How to Find a Cataloged Map

Cataloged maps, like books, have a call number. These maps are shelved numerically according to their call numbers in the map cases. Many maps appear on the Library's catalog. You search for a map as you would search for a book. The easiest method is to enter the geographic location (country, state, county, city, national park, region, river, etc.) i.e. "California" and the the term "maps". You will see a listing of all maps pertaining to California. However, you may want to limit your available resources. To do this you may enter a subject category with the geographical location., i.e. "California" "mines and mineral resources" "maps".

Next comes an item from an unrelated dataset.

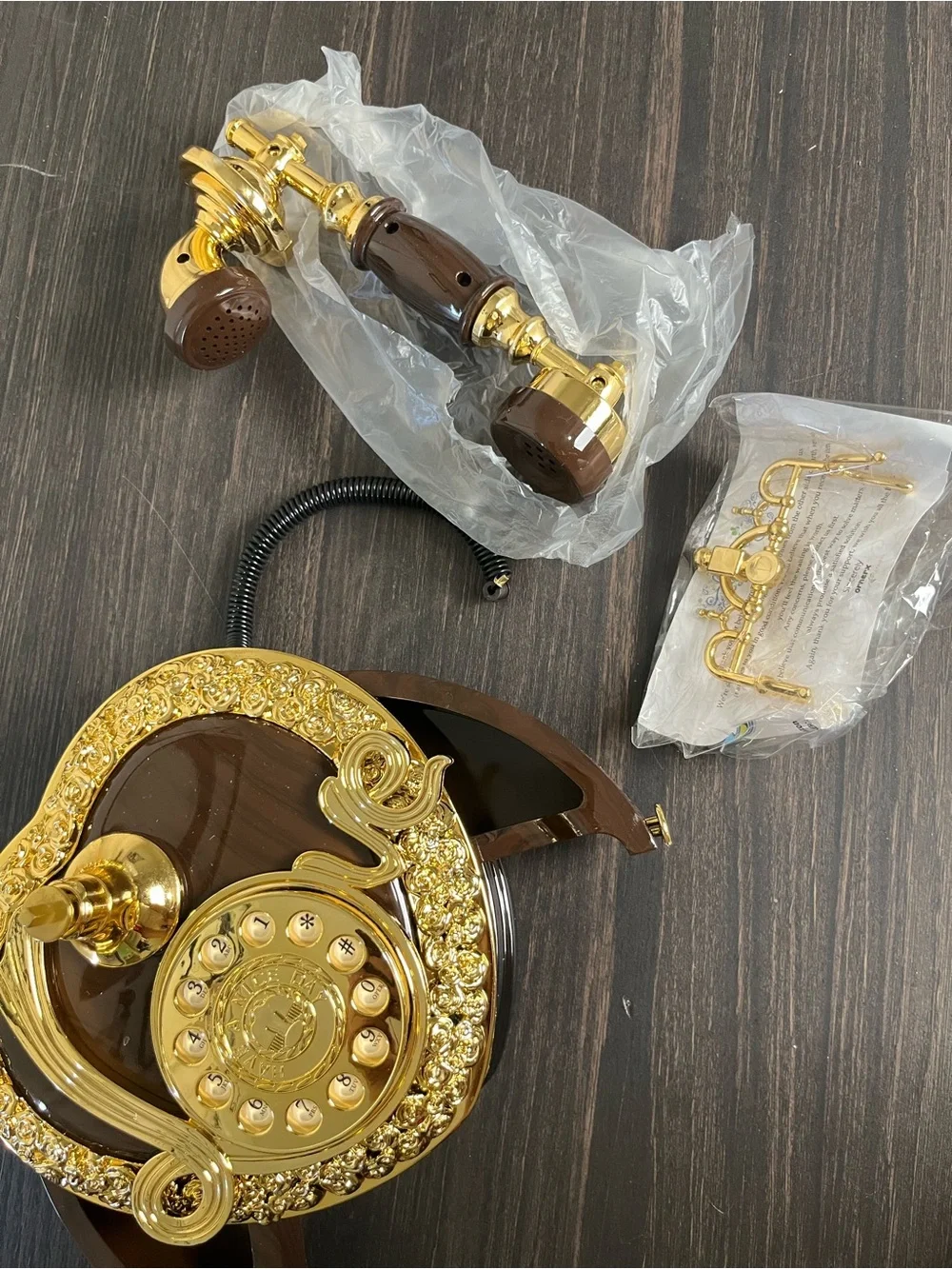 Victorian-Style Rotary Telephone in Gold & Dark Brown Chocolate NIB Corded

Here is a short list of some of the most commonly used subject qualifiers:

  1. Administrative and political divisions
  2. Agriculture
  3. Botany
  4. Census districts
  5. City planning
  6. Earthquakes
  7. Ecology
  8. Faults
  9. Floods
  10. Forests and Forestry
  11. Geology
  12. Historical Geography
  13. Hydrology
  14. Land use
  15. Landowners
  16. Mines and mineral resources
  17. [place] maps, outline and base
  18. [place] maps, physical
  19. [place] Photo maps
  20. Real property
  21. [place] maps, tourist
  22. [place] maps, recreation
  23. Vegetation and climate
  24. Water resources development
  25. (Don't forget to always include the term "maps")

Another way to find a cataloged map is to browse through the map drawers. All cataloged maps begin with the letter designation "G". The first set of four numbers following the "G" refers to the geographic location represented on the map. General, non-specific maps will end with the digit "0" (a few end in "5") This last digit can be modified to make the map more specific.